Rome Bancorp and the other defendants have vigorously denied, and continue to vigorously deny, that they have committed or aided and abetted in the commission of any violation of law or engaged in any of the wrongful acts that were or could have been alleged in the lawsuits, and expressly maintain that, to the extent applicable, they diligently and scrupulously complied with their fiduciary and other legal burdens and are entering into the contemplated settlement solely to eliminate the burden and expense of further litigation, to put the claims that were or could have been asserted to rest, and to avoid any possible delay in the consummation of the merger. Nothing in this Current Report on Form 8-K, the Memorandum of Understanding or any stipulation of settlement shall be deemed an admission of the legal necessity or materiality under applicable laws of any of the disclosures set forth herein.
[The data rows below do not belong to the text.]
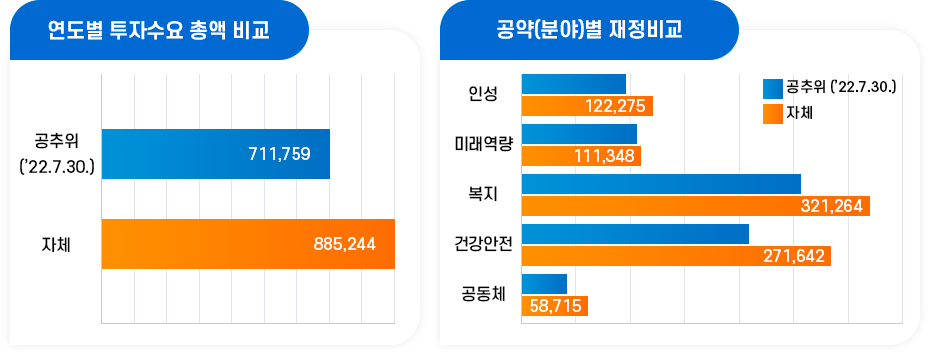 총 투자수요 1,274,953 (단위 : 백만원) : 2018 17.9%, 2019 22.0%, 2020 20.3%, 2021 20.2%, 2022 19.7%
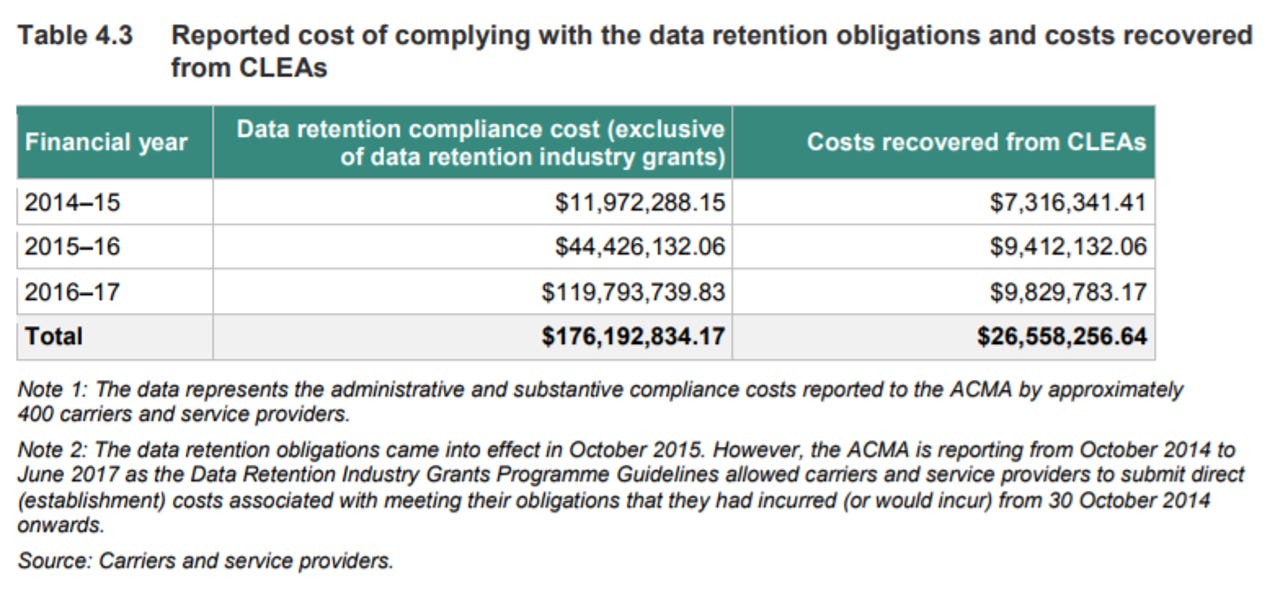 data-retention-compliance-cost-acma-2017.png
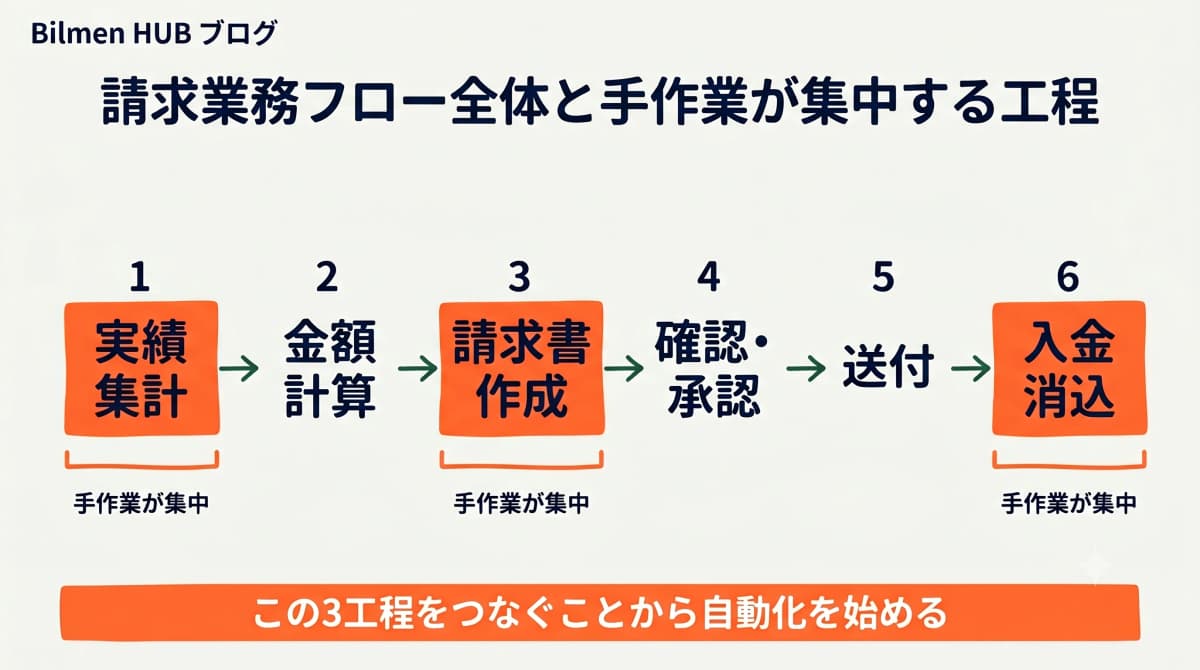 ビルメンの請求業務フロー全体を示す図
SUPPLEMENT TO DEFINITIVE PROXY STATEMENT/PROSPECTUS

In the settlement of certain outstanding stockholder lawsuits as set forth in this Current Report on Form 8-K,  Rome Bancorp agreed to make these supplemental disclosures to the Proxy Statement.  These disclosures should be read in connection with the Proxy Statement, which should be read in its entirety.  Defined terms used but not defined herein have the meanings set forth in the Proxy Statement.  Without admitting in any way that the disclosures below are material or otherwise required by law, Rome Bancorp makes the following supplemental disclosures:

The following disclosure supplements the discussion on page 38 of the Proxy Statement by amending and replacing in its entirety the third paragraph of the “Background of the Merger” section.
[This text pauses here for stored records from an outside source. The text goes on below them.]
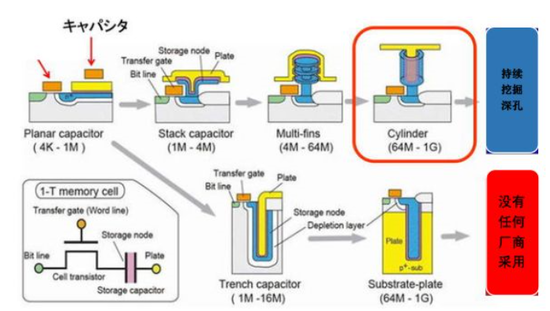 1570673591774068.png?imageView2/2/w/550 image.png?imageView2/2/w/550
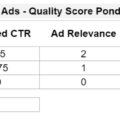 Quality Score - SEISO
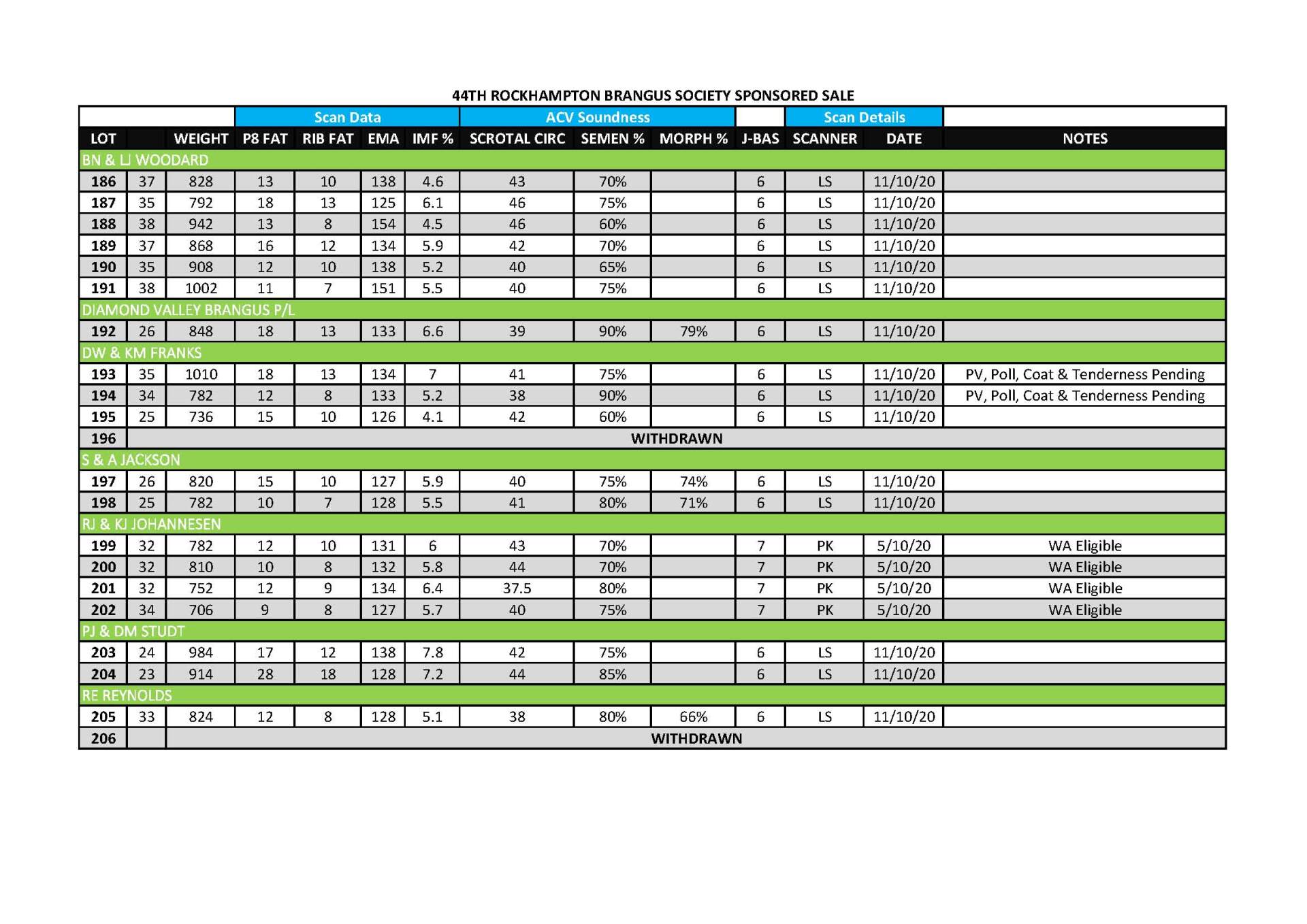 44th Rockhampton Brangus Society Sponsored Sale Supplementary Sheet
In the spring of 2010, a director of Rome Bancorp received an unsolicited inquiry from a director of a publicly traded community bank headquartered in New York regarding the possibility of the community bank acquiring Rome Bancorp.  The Rome Bancorp board of directors considered five different financial advisory firms to assist it in evaluating its strategic options, including a possible business combination with the community bank.  The Rome Bancorp board of directors chose Sandler O’Neill because it is a nationally recognized investment banking firm whose principal business specialty is financial institutions. In the ordinary course of its investment banking business, Sandler O’Neill is regularly engaged in the valuation of financial institutions and their securities in connection with mergers and acquisitions and other corporate transactions.  In particular, in the opinion of the Rome Bancorp board of directors, Sandler O’Neill has an excellent reputation for knowledge of and experience with banks in the New York and New England regions.  The board was also familiar with the work of Sandler O’Neill because Sandler O’Neill had periodically updated the board regarding its strategic options from time to time since 2008.  Sandler O’Neill had informal discussions with the financial advisor for the community bank from time to time over the next several months. During this same time period, in order to get a sense of the potential market for a transaction with Rome Bancorp, Sandler O’Neill, based on its extensive knowledge of and experience with banks in New York and New England, also contacted four other banks in the region that Sandler O’Neill believed had both the financial ability and interest in a transaction with Rome Bancorp. On April 12, 2010, the community bank entered into a confidentiality agreement with Sandler O’Neill, pursuant to which Sandler O’Neill agreed to provide the community bank with confidential and proprietary information about Rome Bancorp and the community bank agreed, among other things, to keep such information confidential and not to disclose such information except as set forth in the confidentiality agreement. Confidentiality agreements were later signed with two of the other four banks contacted by Sandler O’Neill.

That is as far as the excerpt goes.